There is no hope. Simple as that.

There's a surprising connection between the reasons for people's ignorance of privacy and the complete and utter inability of an untrained person's mind to spend even just 15 minutes with itself.

Think about that.

I'm increasingly believing that for privacy to live, a necessary (but not sufficient) condition is for free to die.

By free I mean free as in beer, not free as in freedom. The problem is that if everything has to be free, there can never be any money in the actual maintenance and development of the product. User-centric and privacy-respecting business models are impossible if the product is free.

It's necessary but not sufficient because Windows isn't free (well 10 is quasi-free for some people), but it still does these things. So being non-free is no guarantee. But I believe it's a necessary condition since without some revenue stream independent from surveillance and other "indirect monetization" streams there is absolutely no hope of delivering a professional consumer-grade experience that could compete in the general market.

There's an even bigger elephant in the room: software is a non-scarce, non-rivalrous (possibly even anti-rivalrous in that utility increases with usage) good. Per-unit software sales and most standard proprietary software business models are deadweight losses that rely on unsustainably preserving artificial scarcity.
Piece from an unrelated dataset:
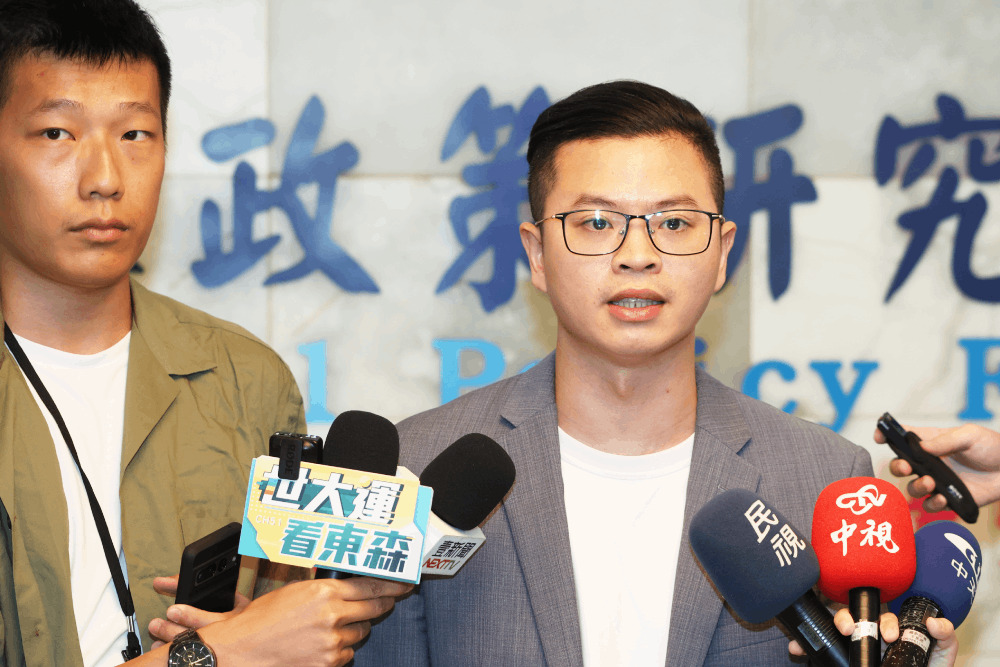 國民黨議員凌濤、蔡淑君挺侯友宜 掛同框大型看板「全力相挺」 294 國民黨議員凌濤、蔡淑君挺侯友宜 掛同框大型看板「全力相挺」 293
The technical community has mostly accepted that file sharing is a reality that requires rethinking business models, and that DRM is an act of desperation to put old strategies on life support by restricting playback device manufacturers.

But for proprietary versus free software, many remain outright hostile.
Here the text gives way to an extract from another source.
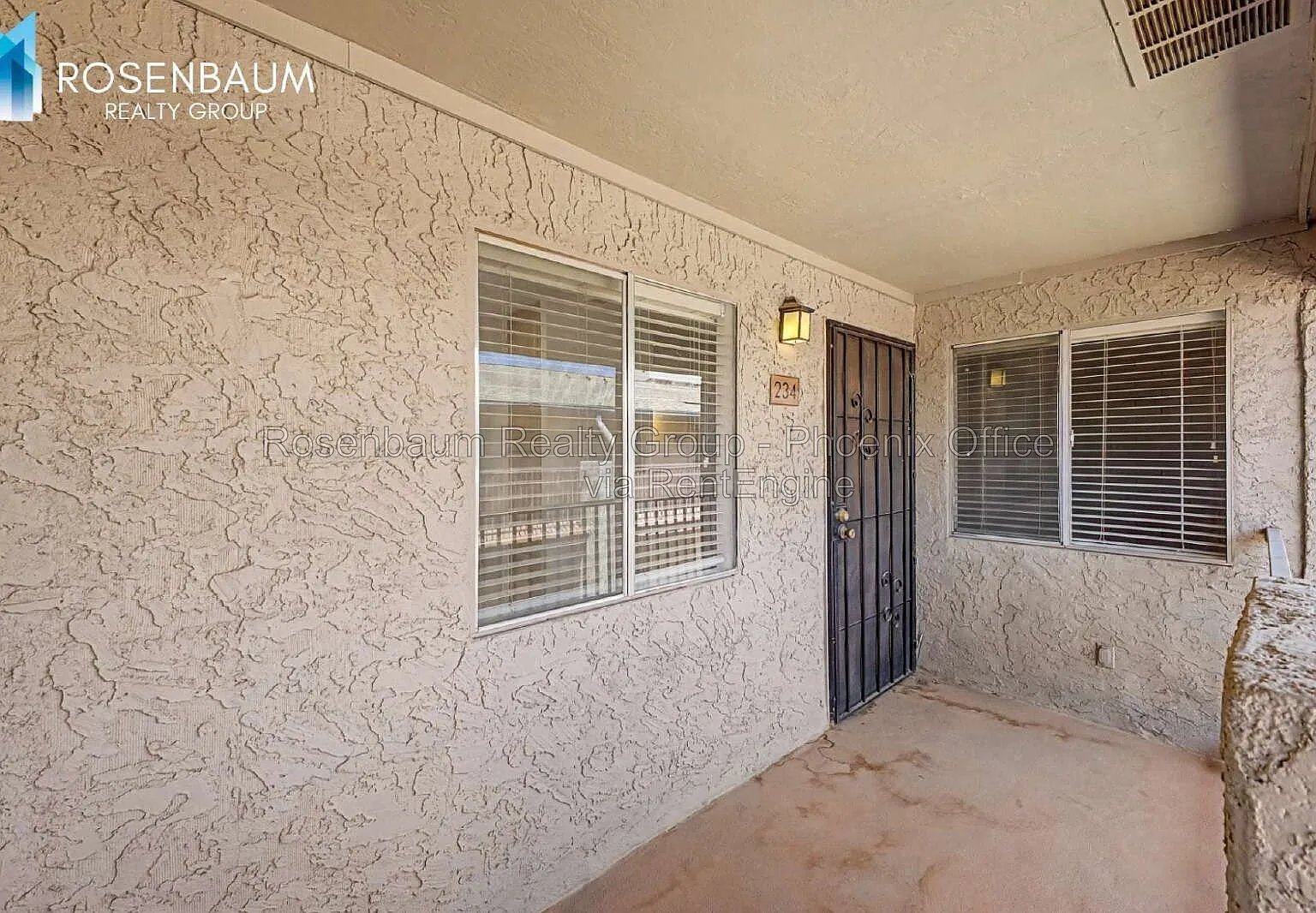 2 bed, 2.0 bath, 986 sqft, $1,795 — Photo 2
Business models for privacy-respecting user-centric free software are possible: https://en.wikipedia.org/wiki/Business_models_for_open-sourc...

They might not be amazingly profitable. However, the reality is, the programmer is heading the way of the musician and the artist.

Programming is a trade, similar to plumbing.

Just like the typical plumber or electrician, most programming is not "new products". Even today, most programming is probably Java (formerly Cobol) internal to a business or other large organization.

There will always be a need for programmers, for much the same reason we will always need plumbers: even with standardized parts and methods, you still need someone to actually customize it to the specific task and implement it locally.

This is where Free Software comes in: we need a commons from which those implementations can be built from. Unfortunately, we still have a lot of sociopathic businesses in the market that think it would be really profitable if they make the threads on all their pipe fittings in the reverse direction at non-standard sizes with the hope of cornering the entire pipe market. In practice, of course, all they've accomplished is forcing every plumber to keep a huge set of adapters in their toolkit and waste a lot of time matching them on every job.

Of course this argument falls apart with the many truly free OS's that would work perfectly well in the general market (as long as you didn't tell consumers they were using GNU/Linux and made it look the same as their Windows box).

I agree with you that "free" as a business model needs to go in one direction or the other. Truly free, as in my Fedora install (ignoring some binaries) or pay for privacy.

The problem with pay lies in the search for more revenue. Cable television used to be ad free. There wasn't a need to advertise since they were already getting subscription money - now look at it. The temptation to add easy profit is too great for many businesses (which is why we now have targeted ads within an OS we already quasi-paid for).

Meanwhile Red Hat isn't doing too bad with their blend of paid and free.

None of what I'm saying is particularly well written or fleshed out after a long day, but this is also something I think about a lot.

> User-centric and privacy-respecting business models are impossible if the product is free.

What about non targeted advertisement?